Dazu mal noch ein Hinweis: Man sollte sich im Klaren sein, dass dieser Source jegliche Klassen  initialisiert und daher der Speicherverbrauch der Java-VM schnell gegen die Limits läuft. Wer also nur die Namen der Klassen brauch um dann nur nach einem bestimmten Muster zu entscheiden, ob eine bestimmte Klasse geladen werden soll, sollte den Teil Class.forName im Beispiel auskommentieren und statt jec den als Argument für forName angegebenen String ausgaben\weiterverarbeiten.

Ich hab nach dem Prinzip einen vollständigen Loader geschrieben, der automatisch anhand eines RegExp Klassen filtert und deren Namen zurückgibt. Die gesamten VM-Klassen brauchen dann etwa eine Sekunde zum Filtern. Man muss aber für eine sinnvolle Verwendung des Ganzen jeglichen zu ladenden Klassen eine Namenskonvention aufdrücken. Das vollständige Laden ALLER Klassen geht zumindest NICHT, sei denn man gibt seiner JavaVM vollen Speicherzugriff auf >1GB RAM ...


----------



## Gast2 (21. Mai 2008)

Moin,

ick lasse jetzt die Ameise für mich arbeiten ... die erstellt mir eine Liste aller Klassen in dem Verzeichnis und dann habe die in einer Datei die ich einlesen kann ... damit kann ich auch leben bzw. arbeiten

hand, mogel


----------



## Wildcard (22. Mai 2008)

@Gast1337


> This class lists ALL (REALLY ALL!!!) classes the Java VM could load


Ist natürlich Unsinn. Es ist ja kein Problem alle Klassen aller jar Files im Classpath zu lesen, aber das muss noch lange nichts mit allen Klassen im laufenden System zu tun haben.
Klassen können on-thy-fly im Speicher erstellt und geladen werden, aus einer DB, oder aus dem Internet nachgeladen werden, mit eigenen Classloadern von Netzwerkfreigabe XY geladen werden und und und.
Ausserdem verwendest du Klassen aus dem sun Package, damit ist der Code sowieso schon nutzlos.


----------



## Gast1337 (23. Mai 2008)

Dann sollte die JavaVM eine saubere Methode für solche Aufgaben anbieten.

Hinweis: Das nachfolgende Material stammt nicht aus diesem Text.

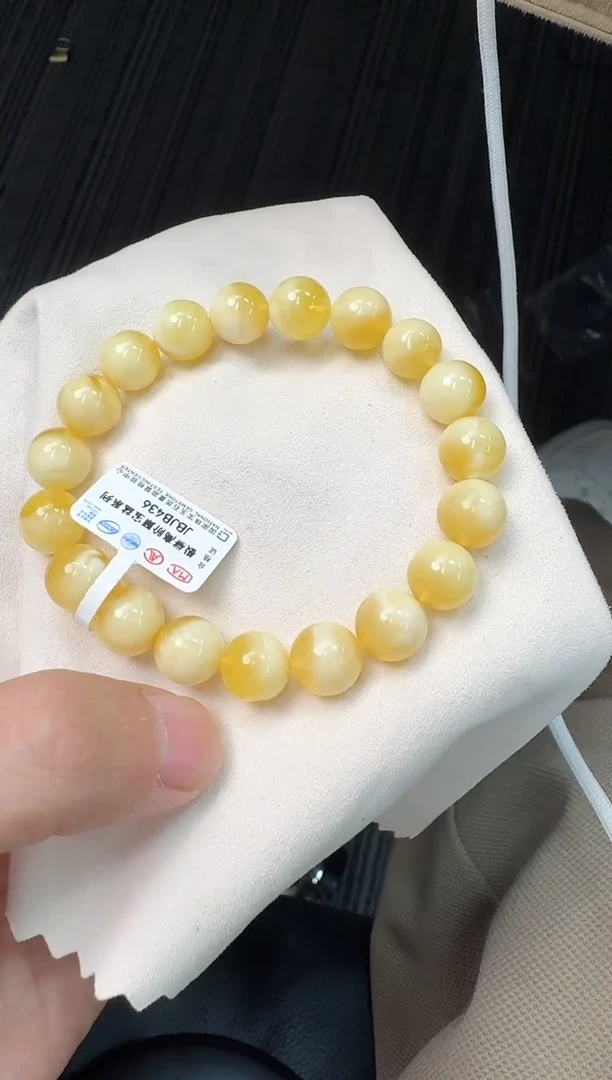 未镶嵌琥珀手串?**Q蜜蜡手串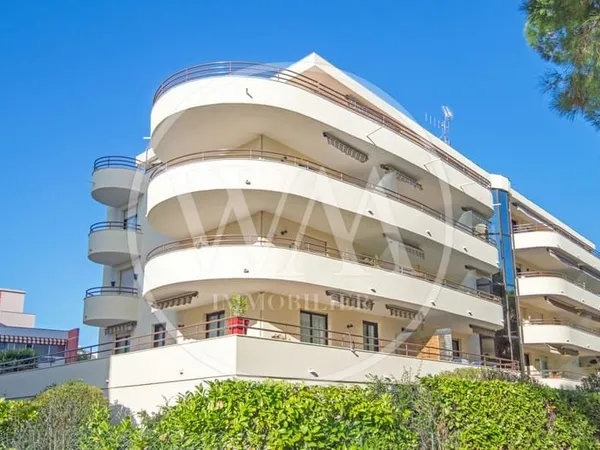 Le Cros de Cagnes, 3 pièces avec terrasse et balcon de 24 m2, Parking et cave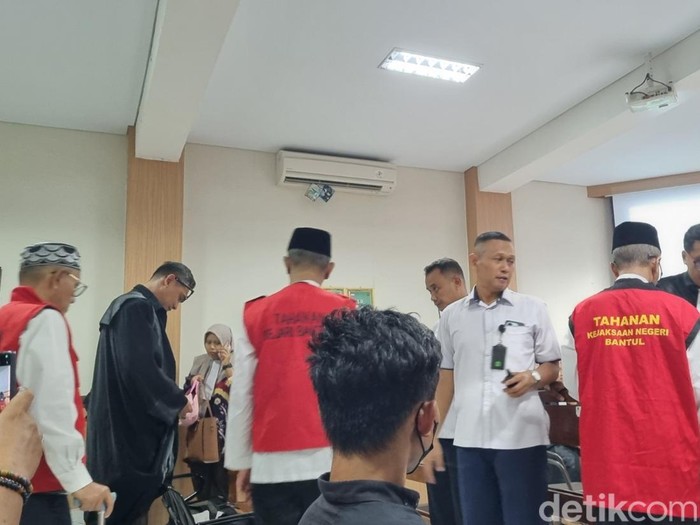 Sidang perdana kasus mafia tanah dengan korban Tupon Hadi Suwarno atau Mbah Tupon di Pengadilan Negeri (PN) Bantul, Senin (8/9/2025).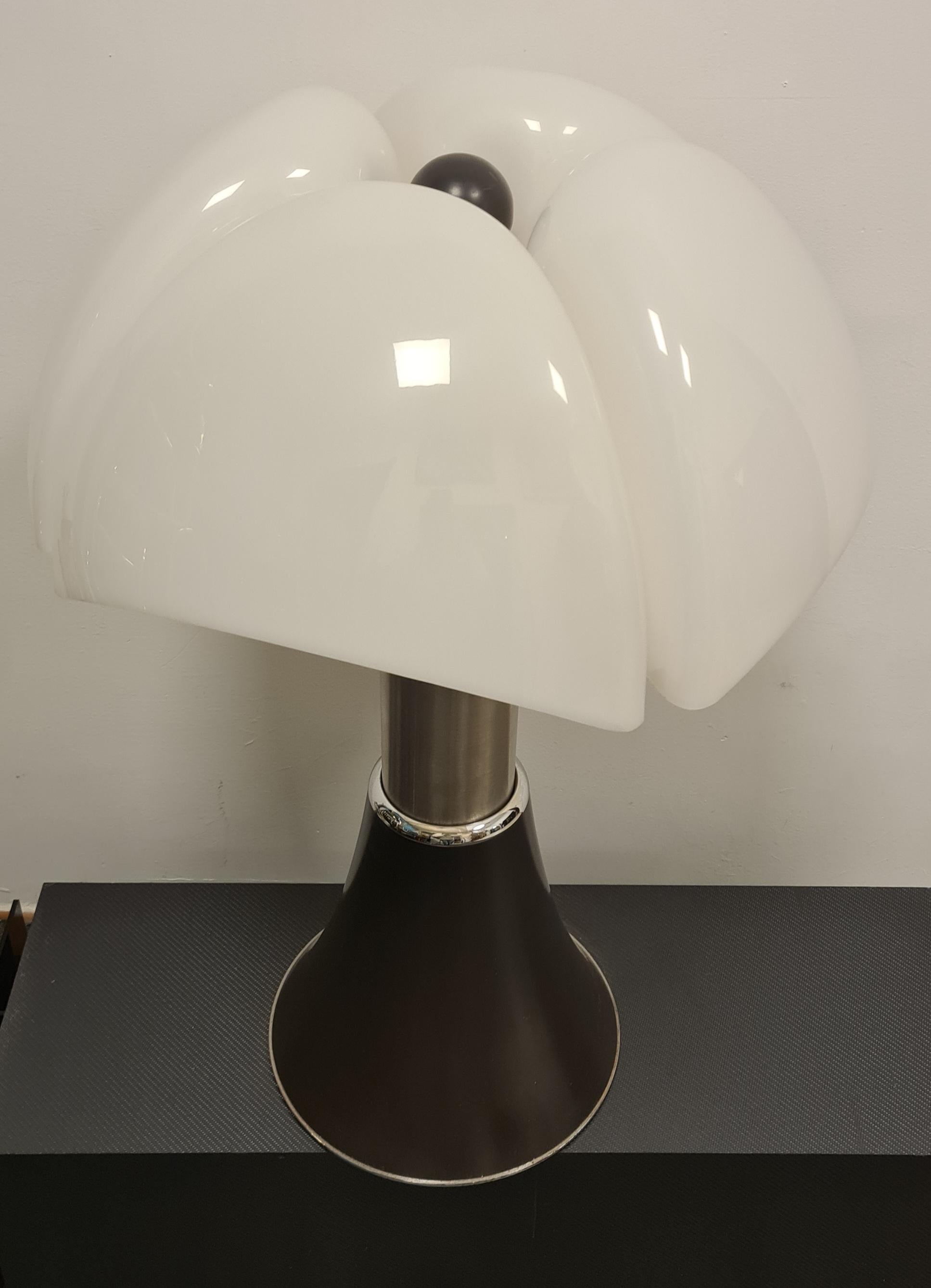 Metallo Lampada Pipistrello di Gae Aulenti per Martinelli Luce prima edizione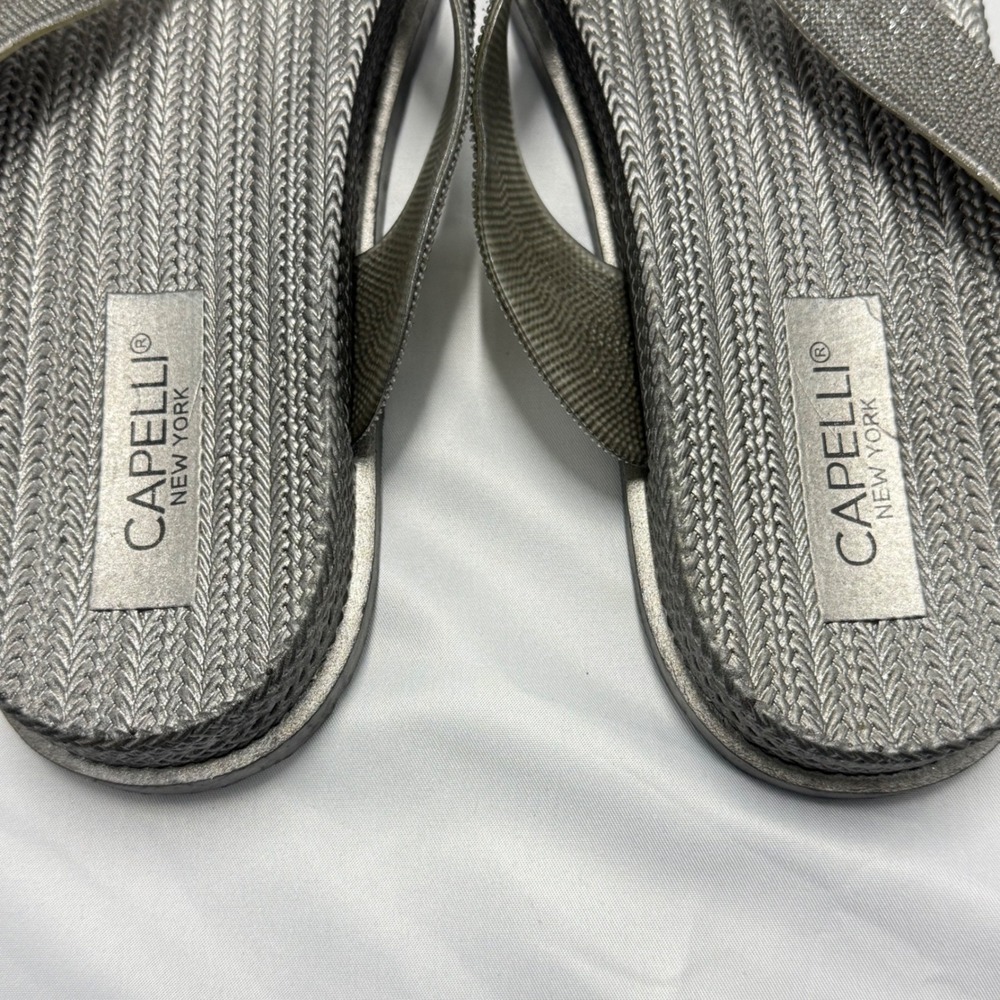 Capelli New York Womens Silver Metallic Glitter Platform Flip Flop Sandals 9 - Picture 4 of 8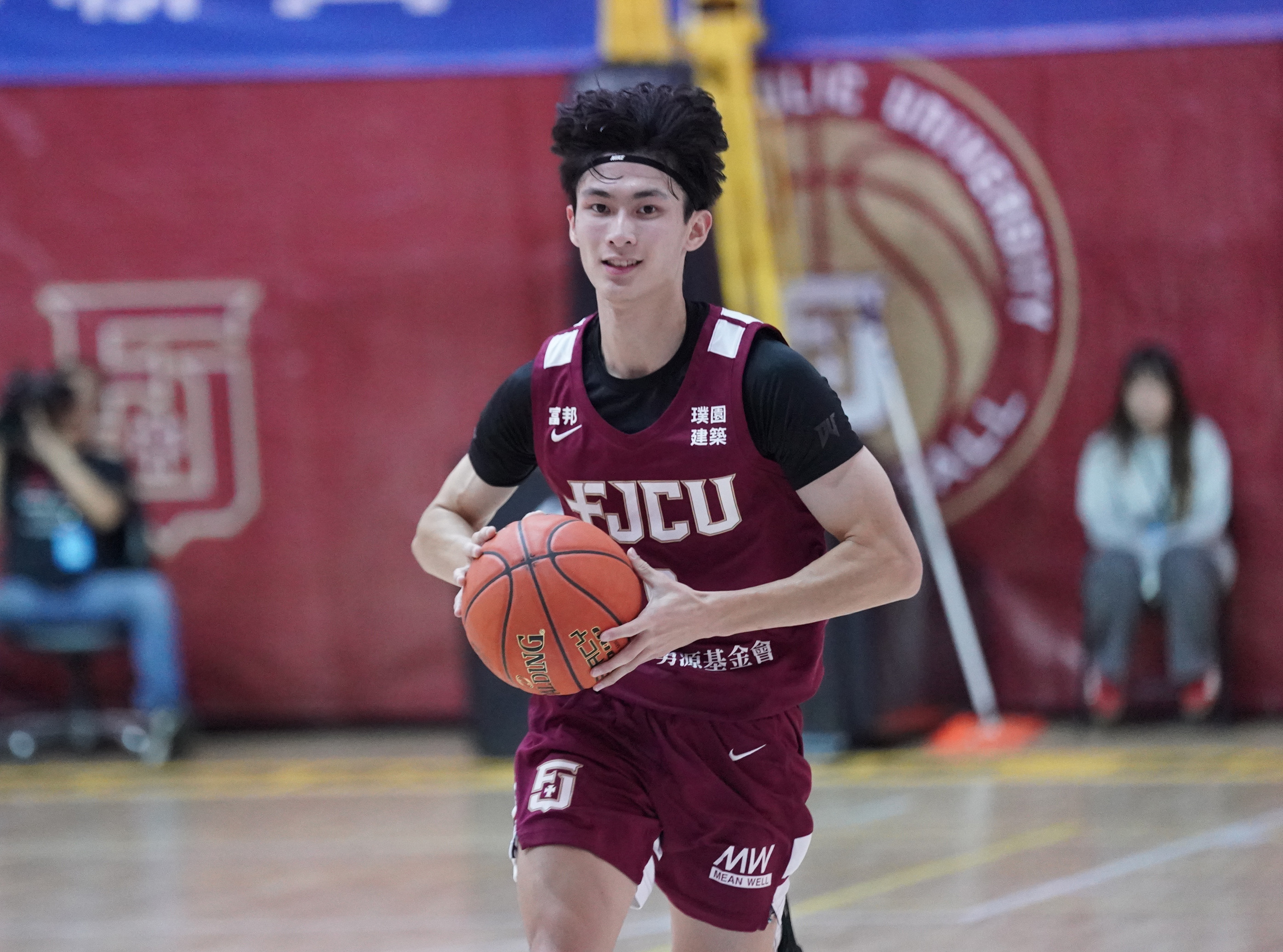 輔仁大學葉羿宏15分7助攻3抄截。大專體總提供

Und zu deinem anderen Punkt: Wenn ich eine Klasse aus einer DB erstelle, so habe ich im Anschluss eine Referenz auf diese, die ich kurz registrieren kann. Gleiches gilt aus Netzwerk-Quellen. In meinem Source ging es ja darum, Klassen, die im Bootstrap-Code vorhanden sind, und deren Quelle also nicht ohne Weiteres direkt eine Klassen-Referenz liefern, aufzulisten; und dafür funktioniert der Code sehr gut.

Und bzgl. Sun-Package: Dann zeig mal nen besseren Weg auf :meld:

@Wildcard: Sinnlos Rumschwafeln und Leute belegen, die eine Lösung suchen oder anderen Versuchen Hinweise zu geben, wie es gehen kann, ist keine Art, sich in einem Forum zu verhalten ;-)


----------